Provided data section start
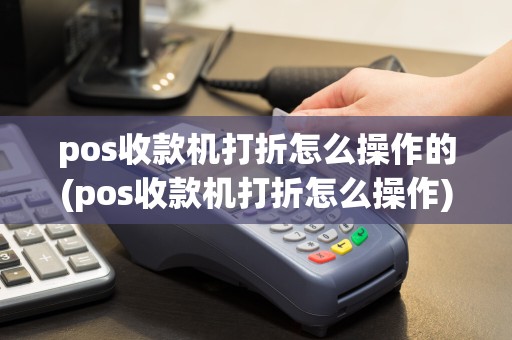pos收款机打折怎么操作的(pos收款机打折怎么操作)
Provided data section end
Provided data section start
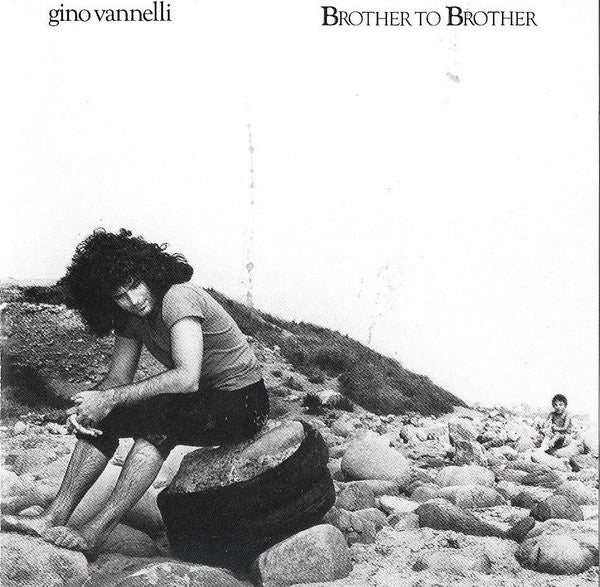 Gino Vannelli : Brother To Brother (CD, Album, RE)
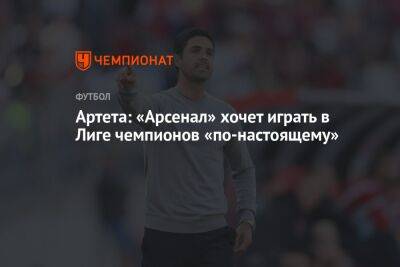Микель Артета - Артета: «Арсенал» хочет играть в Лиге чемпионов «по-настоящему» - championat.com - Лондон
Provided data section end
Provided data section start
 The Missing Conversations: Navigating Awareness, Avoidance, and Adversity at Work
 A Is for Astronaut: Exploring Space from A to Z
Provided data section end
• [Your objective]
In the material above, locate the line containing "The Missing Conversations: Navigating" and the line containing "A Is for Astronaut: Exploring". Transcribe exactly those two lines and every line between them, and nothing more.

• [Output below]
 The Missing Conversations: Navigating Awareness, Avoidance, and Adversity at Work
 A Is for Astronaut: Exploring Space from A to Z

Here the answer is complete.